## Your objective
Please output exactly the lines below, starting at the line that has "Red Christmas Sweater - Picture 2 of 11" and ending at the line that has "Photo 20 of", both included; leave out all pictures and include nothing else.
*** Dataset records ***
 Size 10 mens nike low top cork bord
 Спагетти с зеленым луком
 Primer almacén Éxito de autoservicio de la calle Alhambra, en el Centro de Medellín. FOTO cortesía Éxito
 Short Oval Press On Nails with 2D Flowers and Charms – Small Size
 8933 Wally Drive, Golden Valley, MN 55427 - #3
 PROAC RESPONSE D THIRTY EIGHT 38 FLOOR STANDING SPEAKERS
*** End of Dataset records ***
*** Dataset records ***
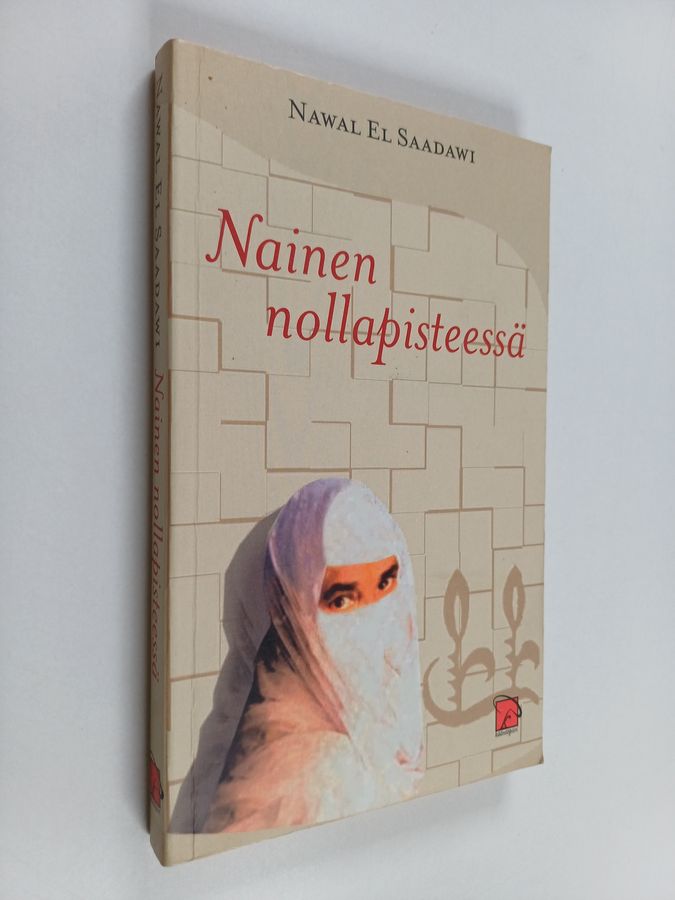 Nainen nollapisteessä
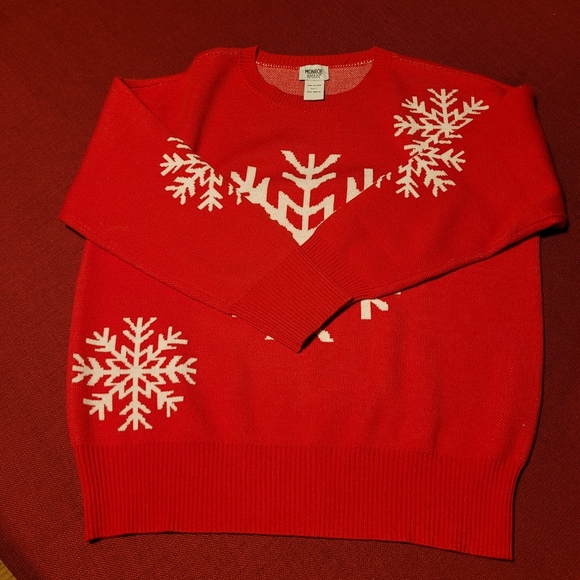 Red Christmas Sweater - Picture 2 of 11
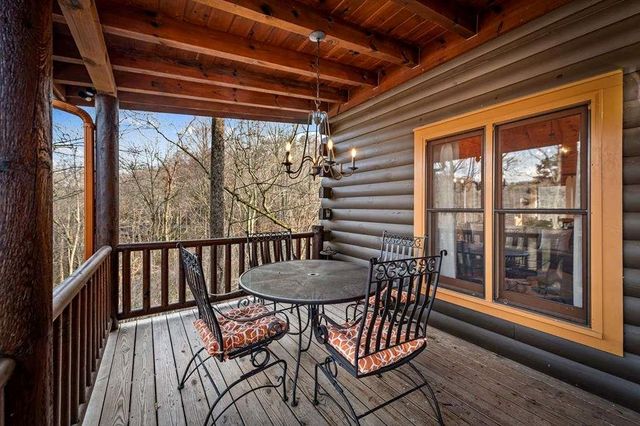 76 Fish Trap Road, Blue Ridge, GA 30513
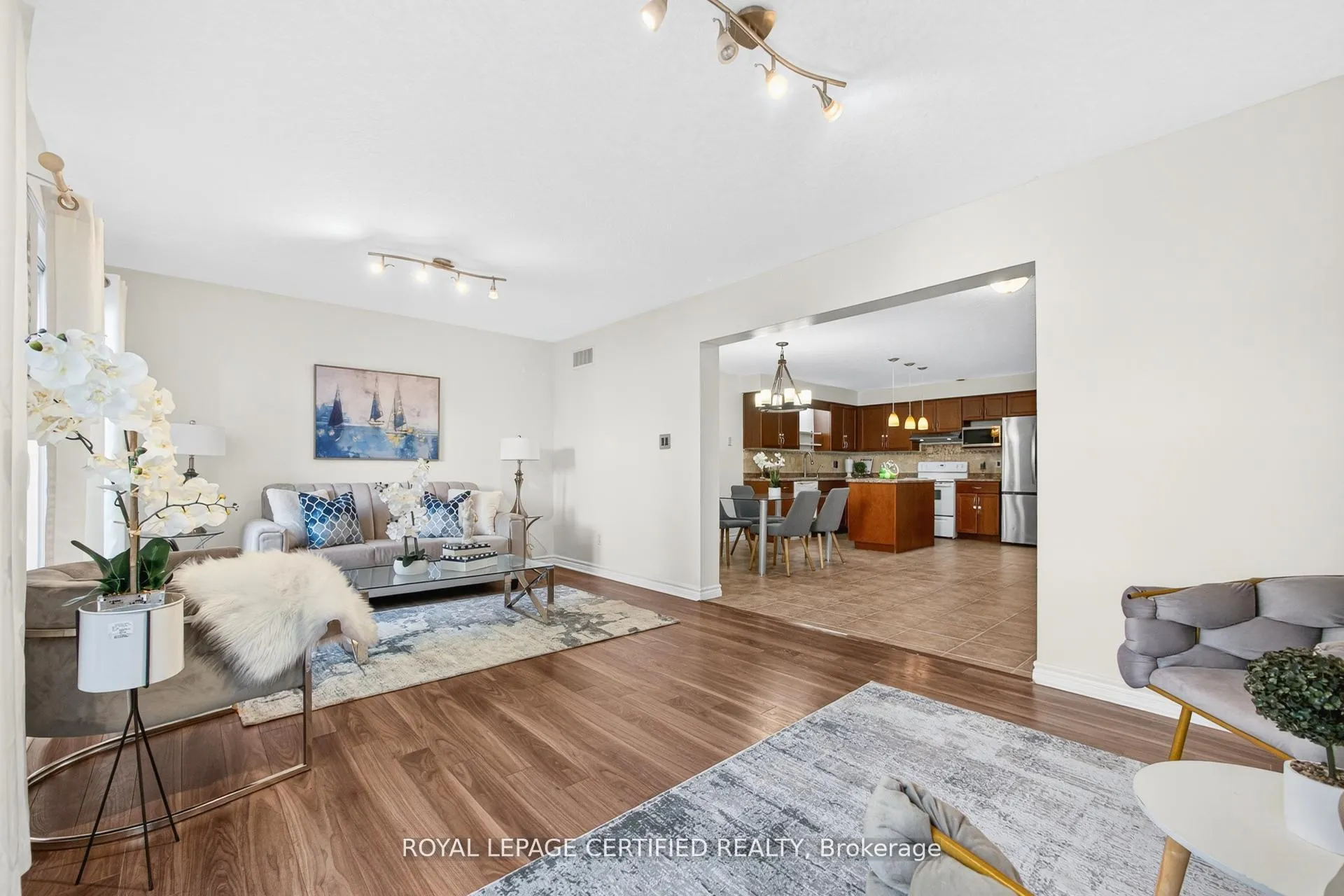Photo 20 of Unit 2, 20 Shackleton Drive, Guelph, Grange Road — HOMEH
*** End of Dataset records ***
*** Dataset records ***
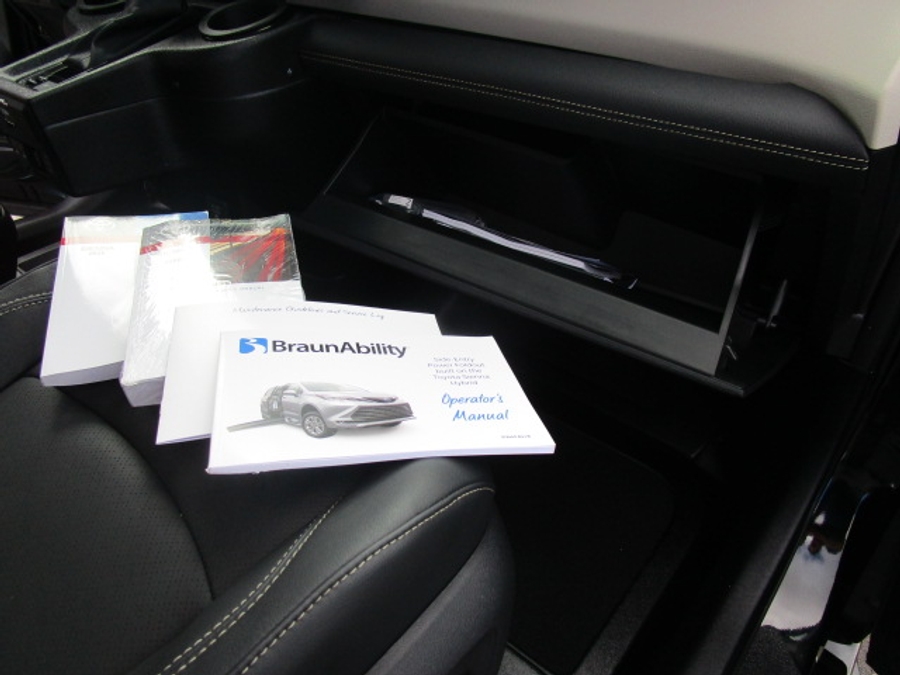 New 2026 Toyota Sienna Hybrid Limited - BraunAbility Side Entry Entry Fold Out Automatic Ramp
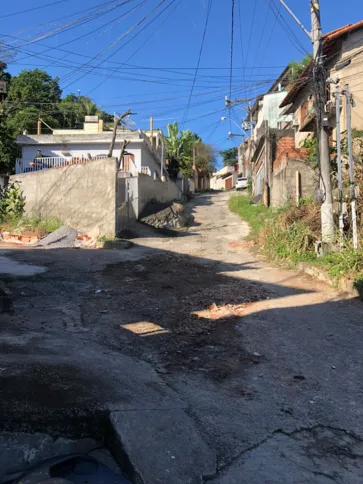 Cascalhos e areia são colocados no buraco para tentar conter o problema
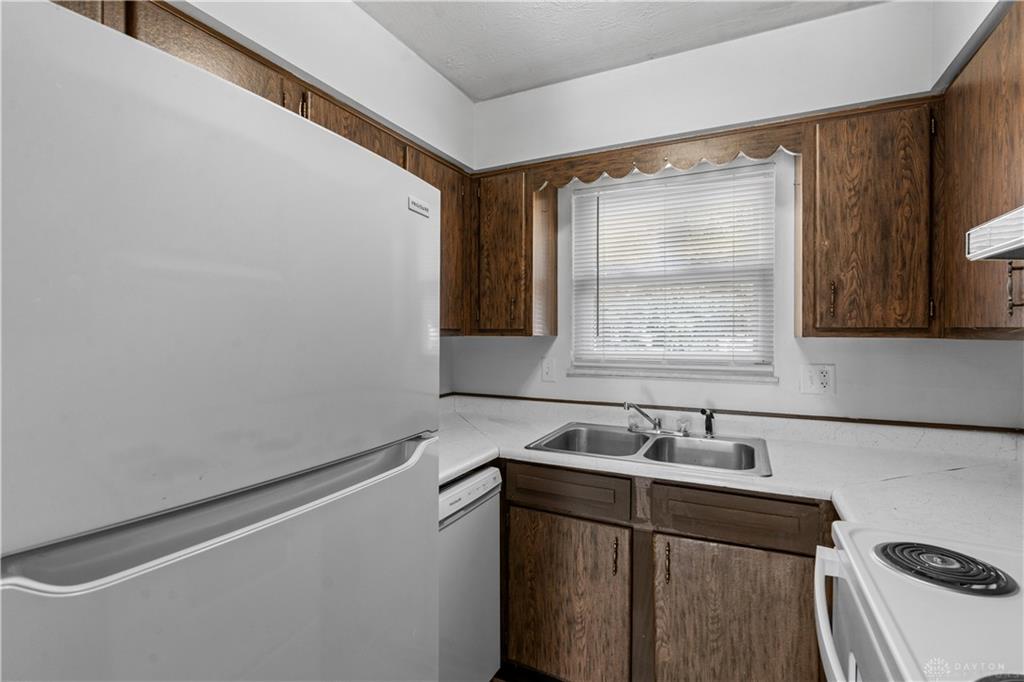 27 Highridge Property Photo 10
*** End of Dataset records ***
## Written answer
 Red Christmas Sweater - Picture 2 of 11
 76 Fish Trap Road, Blue Ridge, GA 30513
Photo 20 of Unit 2, 20 Shackleton Drive, Guelph, Grange Road — HOMEH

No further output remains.